• Assignment: Your answer should be the entries, repeated exactly.

• Data listing:
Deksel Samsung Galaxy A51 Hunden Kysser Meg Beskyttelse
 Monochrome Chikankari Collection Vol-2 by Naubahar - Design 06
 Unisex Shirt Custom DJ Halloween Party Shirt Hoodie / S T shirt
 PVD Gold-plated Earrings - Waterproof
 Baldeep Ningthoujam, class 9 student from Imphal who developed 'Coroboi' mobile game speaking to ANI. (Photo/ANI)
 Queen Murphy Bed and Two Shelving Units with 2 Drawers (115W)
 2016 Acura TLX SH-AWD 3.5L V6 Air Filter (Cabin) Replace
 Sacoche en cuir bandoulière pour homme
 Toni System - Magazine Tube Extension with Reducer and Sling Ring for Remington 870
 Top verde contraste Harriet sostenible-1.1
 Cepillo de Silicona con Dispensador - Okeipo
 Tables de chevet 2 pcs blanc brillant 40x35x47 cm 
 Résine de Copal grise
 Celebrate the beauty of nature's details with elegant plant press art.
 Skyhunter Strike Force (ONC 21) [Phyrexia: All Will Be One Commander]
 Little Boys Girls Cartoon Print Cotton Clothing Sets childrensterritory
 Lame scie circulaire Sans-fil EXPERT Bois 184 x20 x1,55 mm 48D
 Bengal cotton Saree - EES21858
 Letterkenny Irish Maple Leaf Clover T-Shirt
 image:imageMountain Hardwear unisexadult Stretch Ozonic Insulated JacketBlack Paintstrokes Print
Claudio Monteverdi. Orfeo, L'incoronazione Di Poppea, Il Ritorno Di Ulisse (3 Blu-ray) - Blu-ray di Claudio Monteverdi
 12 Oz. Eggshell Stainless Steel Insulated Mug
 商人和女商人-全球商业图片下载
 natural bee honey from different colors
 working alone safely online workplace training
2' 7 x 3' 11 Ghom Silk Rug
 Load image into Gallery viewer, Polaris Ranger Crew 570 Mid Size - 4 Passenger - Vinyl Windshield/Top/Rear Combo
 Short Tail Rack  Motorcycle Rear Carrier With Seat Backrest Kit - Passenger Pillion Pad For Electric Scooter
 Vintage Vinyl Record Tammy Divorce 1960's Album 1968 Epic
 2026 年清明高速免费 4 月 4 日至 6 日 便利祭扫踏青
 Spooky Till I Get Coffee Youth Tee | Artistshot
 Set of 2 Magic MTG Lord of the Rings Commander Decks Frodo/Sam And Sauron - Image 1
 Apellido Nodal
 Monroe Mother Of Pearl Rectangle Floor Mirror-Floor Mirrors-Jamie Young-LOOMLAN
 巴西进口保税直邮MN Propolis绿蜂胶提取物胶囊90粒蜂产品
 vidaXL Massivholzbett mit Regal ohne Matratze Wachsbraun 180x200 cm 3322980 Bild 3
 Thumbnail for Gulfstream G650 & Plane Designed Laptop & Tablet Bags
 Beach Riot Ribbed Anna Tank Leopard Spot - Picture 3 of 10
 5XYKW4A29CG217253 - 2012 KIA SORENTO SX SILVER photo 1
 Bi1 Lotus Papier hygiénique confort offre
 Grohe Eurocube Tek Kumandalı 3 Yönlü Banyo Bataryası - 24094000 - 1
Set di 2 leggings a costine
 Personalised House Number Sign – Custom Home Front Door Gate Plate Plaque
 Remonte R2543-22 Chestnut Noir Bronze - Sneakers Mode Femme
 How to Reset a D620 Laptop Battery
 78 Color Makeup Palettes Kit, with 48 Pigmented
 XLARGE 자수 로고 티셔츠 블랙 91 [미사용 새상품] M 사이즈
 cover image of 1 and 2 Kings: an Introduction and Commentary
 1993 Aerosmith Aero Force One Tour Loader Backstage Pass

• Exercise output:
Deksel Samsung Galaxy A51 Hunden Kysser Meg Beskyttelse
 Monochrome Chikankari Collection Vol-2 by Naubahar - Design 06
 Unisex Shirt Custom DJ Halloween Party Shirt Hoodie / S T shirt
 PVD Gold-plated Earrings - Waterproof
 Baldeep Ningthoujam, class 9 student from Imphal who developed 'Coroboi' mobile game speaking to ANI. (Photo/ANI)
 Queen Murphy Bed and Two Shelving Units with 2 Drawers (115W)
 2016 Acura TLX SH-AWD 3.5L V6 Air Filter (Cabin) Replace
 Sacoche en cuir bandoulière pour homme
 Toni System - Magazine Tube Extension with Reducer and Sling Ring for Remington 870
 Top verde contraste Harriet sostenible-1.1
 Cepillo de Silicona con Dispensador - Okeipo
 Tables de chevet 2 pcs blanc brillant 40x35x47 cm 
 Résine de Copal grise
 Celebrate the beauty of nature's details with elegant plant press art.
 Skyhunter Strike Force (ONC 21) [Phyrexia: All Will Be One Commander]
 Little Boys Girls Cartoon Print Cotton Clothing Sets childrensterritory
 Lame scie circulaire Sans-fil EXPERT Bois 184 x20 x1,55 mm 48D
 Bengal cotton Saree - EES21858
 Letterkenny Irish Maple Leaf Clover T-Shirt
 image:imageMountain Hardwear unisexadult Stretch Ozonic Insulated JacketBlack Paintstrokes Print
Claudio Monteverdi. Orfeo, L'incoronazione Di Poppea, Il Ritorno Di Ulisse (3 Blu-ray) - Blu-ray di Claudio Monteverdi
 12 Oz. Eggshell Stainless Steel Insulated Mug
 商人和女商人-全球商业图片下载
 natural bee honey from different colors
 working alone safely online workplace training
2' 7 x 3' 11 Ghom Silk Rug
 Load image into Gallery viewer, Polaris Ranger Crew 570 Mid Size - 4 Passenger - Vinyl Windshield/Top/Rear Combo
 Short Tail Rack  Motorcycle Rear Carrier With Seat Backrest Kit - Passenger Pillion Pad For Electric Scooter
 Vintage Vinyl Record Tammy Divorce 1960's Album 1968 Epic
 2026 年清明高速免费 4 月 4 日至 6 日 便利祭扫踏青
 Spooky Till I Get Coffee Youth Tee | Artistshot
 Set of 2 Magic MTG Lord of the Rings Commander Decks Frodo/Sam And Sauron - Image 1
 Apellido Nodal
 Monroe Mother Of Pearl Rectangle Floor Mirror-Floor Mirrors-Jamie Young-LOOMLAN
 巴西进口保税直邮MN Propolis绿蜂胶提取物胶囊90粒蜂产品
 vidaXL Massivholzbett mit Regal ohne Matratze Wachsbraun 180x200 cm 3322980 Bild 3
 Thumbnail for Gulfstream G650 & Plane Designed Laptop & Tablet Bags
 Beach Riot Ribbed Anna Tank Leopard Spot - Picture 3 of 10
 5XYKW4A29CG217253 - 2012 KIA SORENTO SX SILVER photo 1
 Bi1 Lotus Papier hygiénique confort offre
 Grohe Eurocube Tek Kumandalı 3 Yönlü Banyo Bataryası - 24094000 - 1
Set di 2 leggings a costine
 Personalised House Number Sign – Custom Home Front Door Gate Plate Plaque
 Remonte R2543-22 Chestnut Noir Bronze - Sneakers Mode Femme
 How to Reset a D620 Laptop Battery
 78 Color Makeup Palettes Kit, with 48 Pigmented
 XLARGE 자수 로고 티셔츠 블랙 91 [미사용 새상품] M 사이즈
 cover image of 1 and 2 Kings: an Introduction and Commentary
 1993 Aerosmith Aero Force One Tour Loader Backstage Pass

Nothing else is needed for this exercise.